THE resurgence of popular interest in vintage mystery fiction of the twentieth century has led to the revival of a steadily mounting number of crime writers whose works, though often extremely popular in their day, had long lain out of print and been mostly forgotten outside of occasional, cursory references in studies by genre specialists. One such renascent author is American Carolyn Wells, who once was characterized, in a 1968 magazine article by John Dickson Carr, past master of the locked-room mystery, as one of mystery fiction’s ‘lost ladies now well lost’. Today, a half-century after Carr penned those sad words, vintage mystery fans again are finding their way to the detective fiction of Carolyn Wells, and the former ‘lost lady’, now happily redeemed, is enjoying renewed popularity. This is a remarkable reversal of fortune which would, no doubt, have immensely amused the author, a woman known for her wryly humorous outlook on the myriad blows and buffets of life.

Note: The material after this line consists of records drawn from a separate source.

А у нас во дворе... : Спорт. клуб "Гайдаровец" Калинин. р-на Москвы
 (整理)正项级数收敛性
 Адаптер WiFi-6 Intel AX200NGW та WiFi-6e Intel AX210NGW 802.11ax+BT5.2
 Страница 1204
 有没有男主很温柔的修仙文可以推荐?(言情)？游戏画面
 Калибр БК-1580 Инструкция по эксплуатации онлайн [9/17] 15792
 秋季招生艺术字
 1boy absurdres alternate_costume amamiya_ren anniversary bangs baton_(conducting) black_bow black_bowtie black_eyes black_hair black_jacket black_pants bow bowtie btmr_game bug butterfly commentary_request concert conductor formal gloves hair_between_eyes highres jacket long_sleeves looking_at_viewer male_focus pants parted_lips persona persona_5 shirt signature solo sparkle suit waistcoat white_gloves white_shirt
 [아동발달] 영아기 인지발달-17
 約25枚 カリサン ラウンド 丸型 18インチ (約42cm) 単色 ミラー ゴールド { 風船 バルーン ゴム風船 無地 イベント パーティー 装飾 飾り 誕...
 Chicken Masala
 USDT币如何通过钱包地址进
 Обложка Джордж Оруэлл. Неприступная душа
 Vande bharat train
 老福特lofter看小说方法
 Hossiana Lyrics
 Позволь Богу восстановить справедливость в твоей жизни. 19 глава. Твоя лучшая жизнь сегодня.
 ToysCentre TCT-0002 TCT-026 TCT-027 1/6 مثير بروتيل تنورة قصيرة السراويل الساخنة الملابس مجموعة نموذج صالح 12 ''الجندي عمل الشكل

Born on 18 June 1862 in the town of Rahway, New Jersey to parents whom she termed ‘the very ultramarine of Blue Presybyterians’, Carolyn Wells, though comfortably circumstanced in a material sense, received at an early age some sharp slaps from the hand of Fate. Two of Carolyn’s four siblings died in childhood, one from the same scarlet fever contagion that had struck her as well, leaving the future author’s hearing progressively impaired over time. For the rest of her life she had to wear hearing aids to make speech partially audible. ‘[Deafness] doesn’t bother me so much,’ Wells later wrote forthrightly, ‘but it is a hardship, and though I bear it smilingly it is an insincere smile.’

After graduating as valedictorian from Rahway High School, Carolyn Wells remained at the family home with her parents and her surviving sister, though she took classes with noted Shakespearean scholar William James Rolfe in Cambridge, Massachusetts and for years found a prized personal outlet in her service as head librarian at the Rahway Public Library. Wells departed the family nest for good at the age of 55 when in 1918 she wed Hadwin Houghton, a 62-year-old widower and cousin of a co-founder of the publishing firm of Houghton, Mifflin. The couple took up residence in Manhattan at the newly erected Hotel des Artistes, an elegant and exclusive apartment building overlooking Central Park that was later home for a time to such luminaries as Rudolf Valentino, Norman Rockwell and Noël Coward; but their connubial bliss was short-lived, Houghton passing away in 1919. ‘I had him with me but a few years,’ Wells fondly recalled of her beloved spouse, ‘and those were so crammed with joyful interest that they are now my most blessed memory.’ As a widow Wells remained in New York, residing with her housekeeper-companion and a cook at the same apartment at the Hotel des Artistes until her own death nearly a quarter-century later, in 1942.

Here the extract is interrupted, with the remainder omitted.